The strategic timing for Screwtape is middle age which statistically I am now approaching. If the patient has adversity in middle age then:

"The routine of adversity, the gradual decay of youthful loves and youthful hopes, the quiet despair (hardly felt as pain) of ever overcoming the chronic temptations with which we have again and again defeated them, the drabness which we create in their lives and the inarticulate resentment with which we teach them to respond to it - all this provides admirable opportunities for wearing a soul out by attrition."17

"If on the other hand, the middle years prove prosperous, our position is even stronger. Prosperity knots a man to the World. He feels that he is "finding his place in it", while really it is finding its place in him. His increasing reputation , his widening circle of acquaintances, his sense of importance, the growing pressure of absorbing and agreeable work, build up in him a sense of being really at home in earth, which is just what we want."18

Lastly-The final reason why we don't think about Heaven is that I think we have forgotten the centrality of the Cross. In my church the Cross is preached almost every week. We are reminded of God's great grace in sending his only son to die in our place to save us from judgment and sin. It is not the Cross that we have forgotten but its centrality. We focus so much on what God has saved us from that we forget what he has saved us for. To think of the Cross only as "saving me from Sin" is to remember the back end of the Cross. Heaven is about remembering the front end of the Cross - about what God has saved us for - eternal fellowship with him and our brothers and sisters in Christ. The Westminster Catechism has it right when it says

Man's chief and highest end is to glorify God, and fully to enjoy him forever.

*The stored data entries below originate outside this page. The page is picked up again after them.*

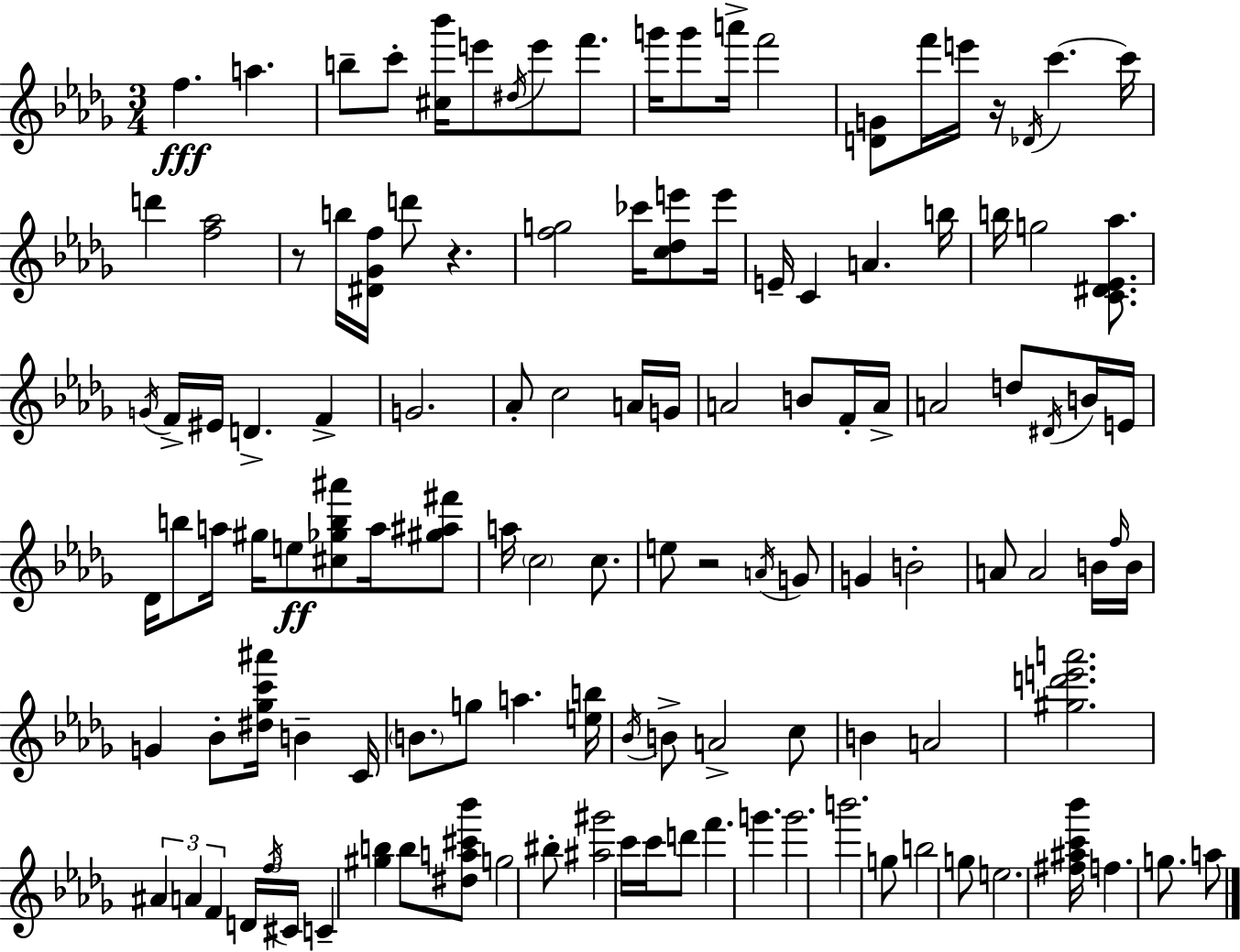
F5/q. A5/q. B5/e C6/e [C#5,Bb6]/s E6/e D#5/s E6/e F6/e. G6/s G6/e A6/s F6/h [D4,G4]/e F6/s E6/s R/s Db4/s C6/q. C6/s D6/q [F5,Ab5]/h R/e B5/s [D#4,Gb4,F5]/s D6/e R/q. [F5,G5]/h CES6/s [C5,Db5,E6]/e E6/s E4/s C4/q A4/q. B5/s B5/s G5/h [C4,D#4,Eb4,Ab5]/e. G4/s F4/s EIS4/s D4/q. F4/q G4/h. Ab4/e C5/h A4/s G4/s A4/h B4/e F4/s A4/s A4/h D5/e D#4/s B4/s E4/s Db4/s B5/e A5/s G#5/s E5/e [C#5,Gb5,B5,A#6]/e A5/s [G#5,A#5,F#6]/e A5/s C5/h C5/e. E5/e R/h A4/s G4/e G4/q B4/h A4/e A4/h B4/s F5/s B4/s G4/q Bb4/e [D#5,Gb5,C6,A#6]/s B4/q C4/s B4/e. G5/e A5/q. [E5,B5]/s Bb4/s B4/e A4/h C5/e B4/q A4/h [G#5,D6,E6,A6]/h. A#4/q A4/q F4/q D4/s F5/s C#4/s C4/q [G#5,B5]/q B5/e [D#5,A5,C#6,Bb6]/e G5/h BIS5/e [A#5,G#6]/h C6/s C6/s D6/e F6/q. G6/q. G6/h. B6/h. G5/e B5/h G5/e E5/h. [F#5,A#5,C6,Bb6]/s F5/q. G5/e. A5/e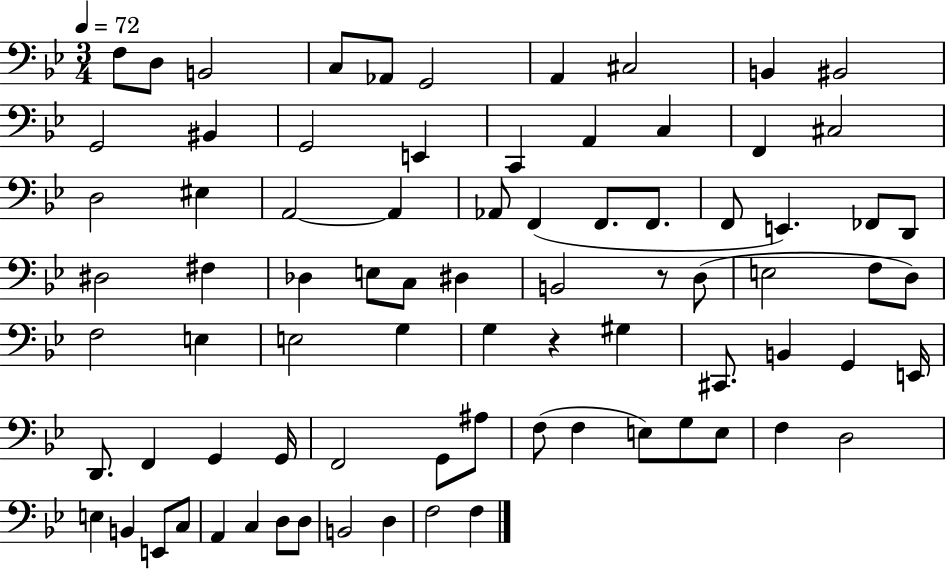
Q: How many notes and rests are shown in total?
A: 80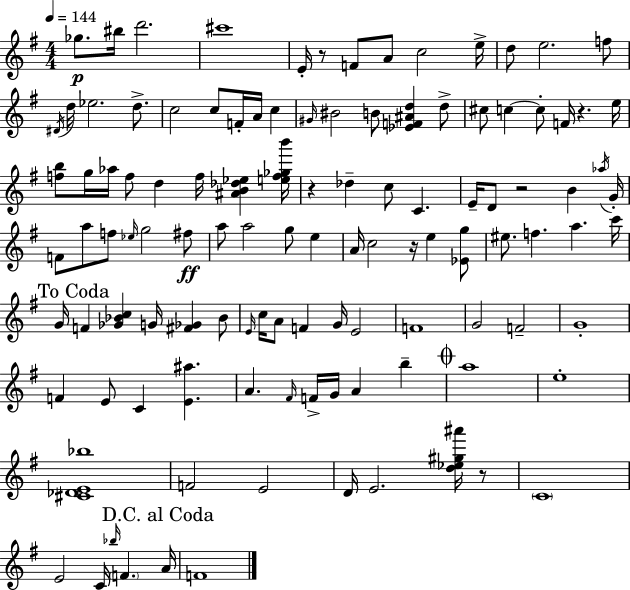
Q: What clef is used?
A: treble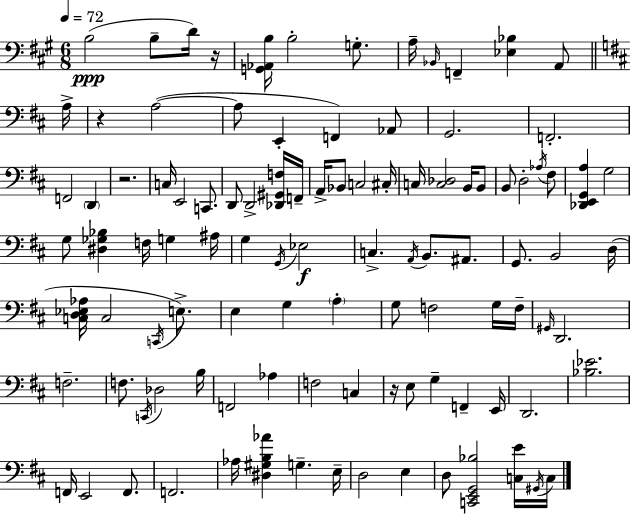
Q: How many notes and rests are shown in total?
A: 104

That is the chief activity of heaven and it should be our chief activity on Earth. Glorifying God is not just about an ethic of debt that is grateful for what he has done for us (which can almost become self-centred) but it is about glorifying the God who has saved us for Himself. God is most glorified when we worship him for who He is and not just for what he has done for us.

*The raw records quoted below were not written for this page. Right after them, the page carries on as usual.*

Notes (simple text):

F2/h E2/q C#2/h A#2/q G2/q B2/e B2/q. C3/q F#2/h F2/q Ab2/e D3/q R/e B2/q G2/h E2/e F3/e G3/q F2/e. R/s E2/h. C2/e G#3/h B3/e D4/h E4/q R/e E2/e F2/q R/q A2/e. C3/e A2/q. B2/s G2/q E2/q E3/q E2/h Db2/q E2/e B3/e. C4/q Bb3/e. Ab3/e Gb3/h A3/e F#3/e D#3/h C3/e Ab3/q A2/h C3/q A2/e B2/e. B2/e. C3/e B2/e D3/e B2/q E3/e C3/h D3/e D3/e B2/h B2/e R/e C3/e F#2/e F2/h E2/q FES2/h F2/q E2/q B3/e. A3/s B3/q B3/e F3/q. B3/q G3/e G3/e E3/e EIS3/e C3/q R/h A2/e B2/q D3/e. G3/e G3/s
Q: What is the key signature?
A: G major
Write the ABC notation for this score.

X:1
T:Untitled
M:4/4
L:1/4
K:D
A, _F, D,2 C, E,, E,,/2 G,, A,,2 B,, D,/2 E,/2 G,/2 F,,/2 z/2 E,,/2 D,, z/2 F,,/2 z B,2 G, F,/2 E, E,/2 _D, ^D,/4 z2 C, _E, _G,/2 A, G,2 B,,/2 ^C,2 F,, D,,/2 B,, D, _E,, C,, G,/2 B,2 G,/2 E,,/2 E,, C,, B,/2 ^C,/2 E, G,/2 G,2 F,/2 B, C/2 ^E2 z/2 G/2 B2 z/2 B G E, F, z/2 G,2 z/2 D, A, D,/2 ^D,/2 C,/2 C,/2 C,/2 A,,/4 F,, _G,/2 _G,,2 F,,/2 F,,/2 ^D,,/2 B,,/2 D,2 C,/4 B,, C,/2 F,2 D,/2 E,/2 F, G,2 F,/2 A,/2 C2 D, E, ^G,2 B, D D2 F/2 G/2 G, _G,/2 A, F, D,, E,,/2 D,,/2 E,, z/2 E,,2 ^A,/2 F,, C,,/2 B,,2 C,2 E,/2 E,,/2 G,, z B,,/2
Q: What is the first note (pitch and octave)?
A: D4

Lewis describes this life as living amongst the shadows19. This world is not real it is a shadow of the real. To live in the Shadowlands as God's people is to live in the light of heaven for it is from there that the shadows are. So how does living in the light of heaven help us:

Firstly it provides a context for our lives.

At times with the pressure of work, the demands of family and of church we get so caught up in this world. Or to quote Screwtape the world get so caught up in us. Things loom so large on the horizon that we forget what a small horizon this life really is. This life is but the title page of our existence. The only things that will survive are things of eternal significance. .

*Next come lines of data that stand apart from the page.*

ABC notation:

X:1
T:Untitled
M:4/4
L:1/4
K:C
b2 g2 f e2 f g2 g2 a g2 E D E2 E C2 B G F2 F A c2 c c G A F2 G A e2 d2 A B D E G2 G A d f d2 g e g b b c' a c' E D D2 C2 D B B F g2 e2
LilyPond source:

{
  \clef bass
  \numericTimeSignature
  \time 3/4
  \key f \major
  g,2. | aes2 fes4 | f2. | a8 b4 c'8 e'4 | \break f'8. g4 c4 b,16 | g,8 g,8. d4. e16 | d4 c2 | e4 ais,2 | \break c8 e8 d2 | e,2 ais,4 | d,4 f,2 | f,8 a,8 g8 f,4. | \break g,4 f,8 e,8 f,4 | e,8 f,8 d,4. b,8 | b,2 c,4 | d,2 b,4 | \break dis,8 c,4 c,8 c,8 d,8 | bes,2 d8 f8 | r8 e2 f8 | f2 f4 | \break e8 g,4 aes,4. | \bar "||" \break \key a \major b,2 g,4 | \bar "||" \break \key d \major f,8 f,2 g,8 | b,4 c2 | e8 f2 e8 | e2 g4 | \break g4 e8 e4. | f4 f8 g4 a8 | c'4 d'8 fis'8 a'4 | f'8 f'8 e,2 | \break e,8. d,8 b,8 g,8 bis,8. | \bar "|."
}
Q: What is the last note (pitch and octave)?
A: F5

What we see here is only a dim shadow of the reality - in many things we have only a taste of what is to come. Unfortunately we come to think of the taste as the reality. Lewis writing to his friend Malcolm says :

"the hills and valleys of Heaven will be to those you now experience not as a copy is to an original, nor as a substitute to the genuine article, but as the flower to the root, or the diamond to the coal." 20

Heaven reminds us that we are strangers in a strange land - a strange land of shadows.

Secondly it shows us how we should live - if we are citizens of heaven we should live as citizens of heaven now. The Book of Revelation presents some spectacular pictures of heaven. What is sad is that when I read commentaries on Revelation they are so often preoccupied with trying to work out the meaning of all the symbols that they miss the big picture - and that is the most important thing about heaven.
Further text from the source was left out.